Every once in a while I find an addition that I question, and I did so today. In John 9:24, the NIV reads, “A second time they summoned the man who had been blind. ‘Give glory to God by telling the truth,’ they said. ‘We know this man is a sinner.’” The problem is that there is no Greek behind “by telling the truth.”
This is a change from the NIV 1984, as you can see from my reverse interlinear (above).
At first I assumed they added the phrase because they thought just saying “Give glory to God” was too stark and abrupt. What does it mean? Most translations are comfortable just leaving it as is (NASB, ESV, CSB, NRSV).
The NET is a tad unusual. “Promise before God to tell the truth,” with the footnote, “Grk “Give glory to God” (an idiomatic formula used in placing someone under oath to tell the truth).” If the NET footnote is correct, then the NIV addition makes more sense. Carson comments, “Give glory to God does not mean something like ‘Praise God for what he has done in your life’, still less ‘Praise God and not Jesus’, but, as in Joshua 7:19, something like ‘Before God, own up and admit the truth’.”
In this case, I might prefer the KJV’s addition of “the.” “Give God the praise.” It makes perfectly good sense in this context, and only adds one word.
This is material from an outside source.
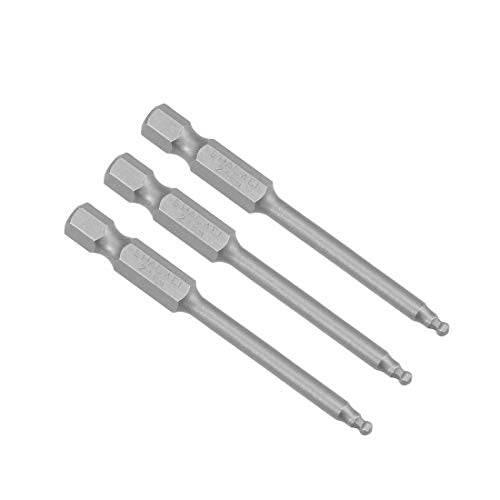 uxcell 3 Pcs H2.5 (2.5mm) Ball End Screwdriver Bits, S2 Steel Magnetic 2.6 Inch Long Drill Bit with 1/4 Inch Hex Shank - style: H2.5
And yet, if Carson and the NIV/NET translators are correct, doing so would under-translate since it loses the connection to the call to make an oath.
One of the reminders that come from this discussion is that there is always a reason for why translators do what they do. No translation is random, without a reason, and we should be careful at proclaiming that a translation is “wrong” until we fully know why they did what they did. Maybe we aree the one who doesn’t know something.